• **WHAT IS EXPECTED**
Leaving out each picture, transcribe the lines of the listing below exactly from the first through the line that contains "Hey guys, what's".

• **DATA BELOW**
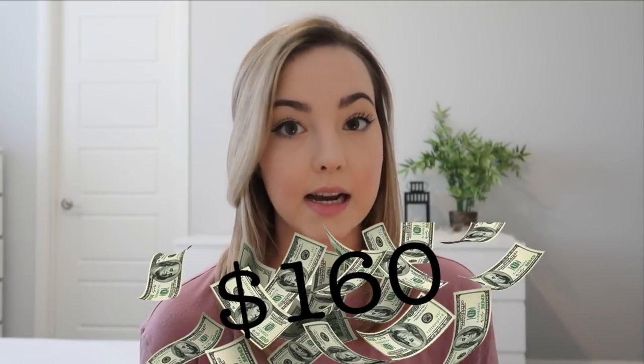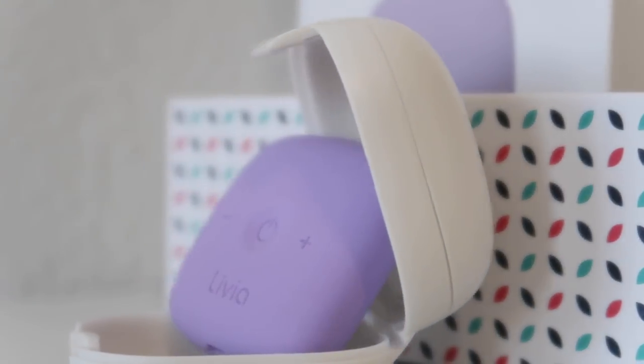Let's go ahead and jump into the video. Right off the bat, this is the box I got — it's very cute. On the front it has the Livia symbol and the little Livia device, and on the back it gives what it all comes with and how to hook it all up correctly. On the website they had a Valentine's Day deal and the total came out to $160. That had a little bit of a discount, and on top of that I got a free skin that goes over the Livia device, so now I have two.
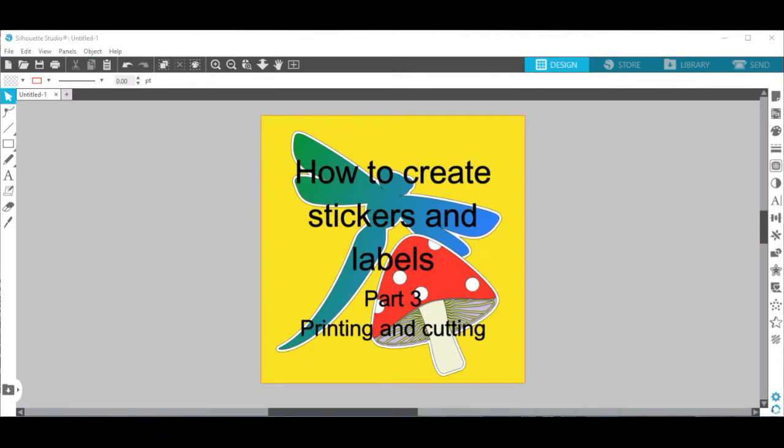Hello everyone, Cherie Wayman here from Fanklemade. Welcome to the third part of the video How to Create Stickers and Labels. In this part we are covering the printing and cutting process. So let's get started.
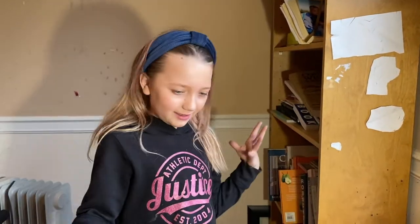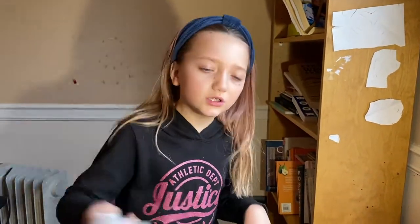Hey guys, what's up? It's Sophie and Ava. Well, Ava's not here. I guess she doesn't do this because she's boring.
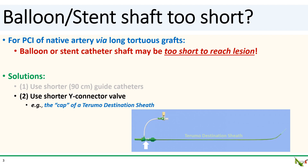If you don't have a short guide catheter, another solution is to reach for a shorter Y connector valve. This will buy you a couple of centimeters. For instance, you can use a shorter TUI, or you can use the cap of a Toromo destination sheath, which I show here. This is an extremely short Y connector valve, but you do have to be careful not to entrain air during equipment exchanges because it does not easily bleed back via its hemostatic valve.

• **EXERCISE OUTPUT**
Let's go ahead and jump into the video. Right off the bat, this is the box I got — it's very cute. On the front it has the Livia symbol and the little Livia device, and on the back it gives what it all comes with and how to hook it all up correctly. On the website they had a Valentine's Day deal and the total came out to $160. That had a little bit of a discount, and on top of that I got a free skin that goes over the Livia device, so now I have two.
Hello everyone, Cherie Wayman here from Fanklemade. Welcome to the third part of the video How to Create Stickers and Labels. In this part we are covering the printing and cutting process. So let's get started.
Hey guys, what's up? It's Sophie and Ava. Well, Ava's not here. I guess she doesn't do this because she's boring.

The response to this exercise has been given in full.